WORK INSTRUCTIONS:
Using the listing below, print exactly everything from the line with "swirled ice cream icon sign vector" down to the line with "MotoTown Finned Head", both included, and nothing more.

DATA FOR THE TASK:
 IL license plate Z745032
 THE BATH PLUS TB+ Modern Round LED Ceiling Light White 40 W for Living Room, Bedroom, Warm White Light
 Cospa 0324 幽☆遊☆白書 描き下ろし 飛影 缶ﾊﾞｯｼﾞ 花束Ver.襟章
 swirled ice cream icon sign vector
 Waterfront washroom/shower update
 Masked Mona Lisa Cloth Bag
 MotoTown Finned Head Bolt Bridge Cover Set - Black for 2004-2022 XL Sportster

* * *

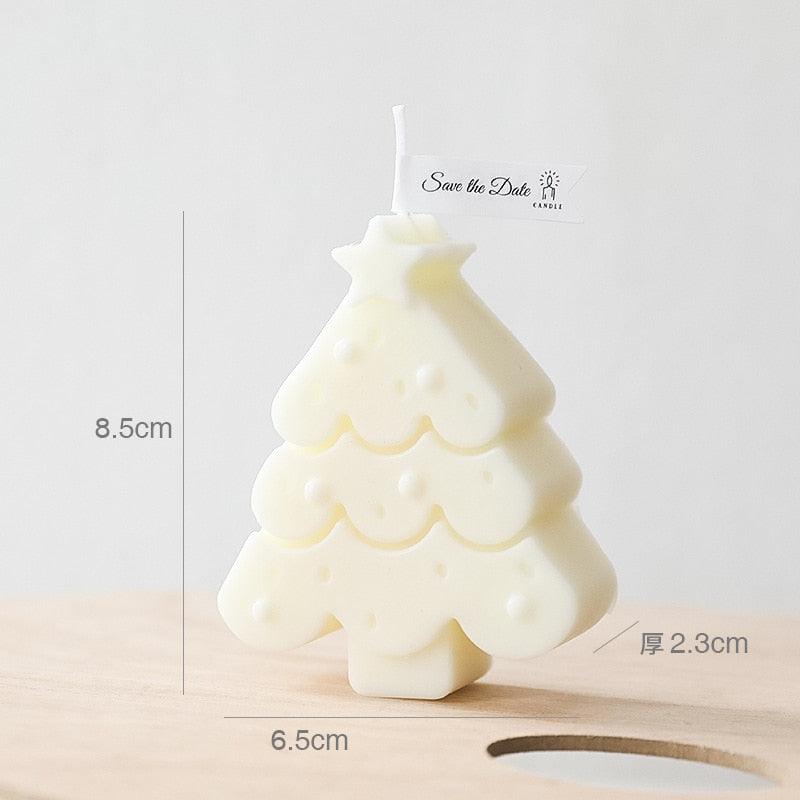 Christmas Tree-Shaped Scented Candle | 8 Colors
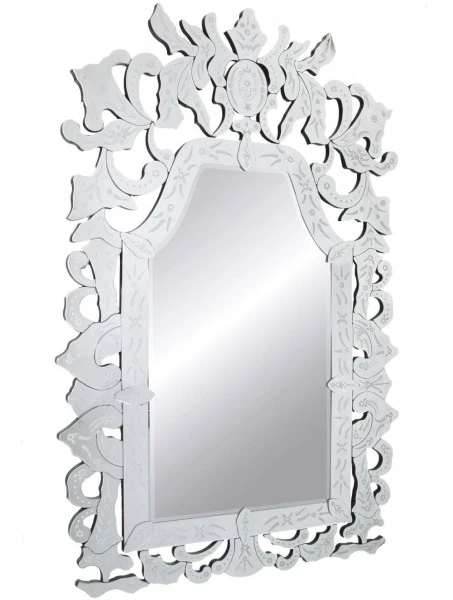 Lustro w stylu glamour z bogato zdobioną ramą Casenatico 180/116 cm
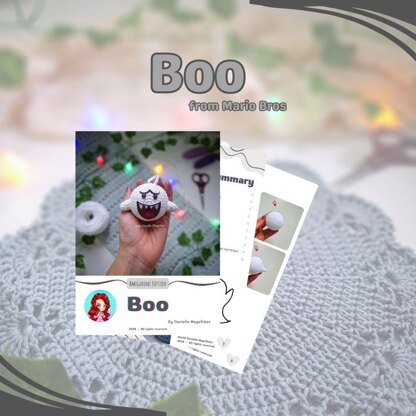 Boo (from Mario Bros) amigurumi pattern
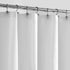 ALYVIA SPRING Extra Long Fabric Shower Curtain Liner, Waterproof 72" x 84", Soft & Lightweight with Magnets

ANSWER SPACE:
 swirled ice cream icon sign vector
 Waterfront washroom/shower update
 Masked Mona Lisa Cloth Bag
 MotoTown Finned Head Bolt Bridge Cover Set - Black for 2004-2022 XL Sportster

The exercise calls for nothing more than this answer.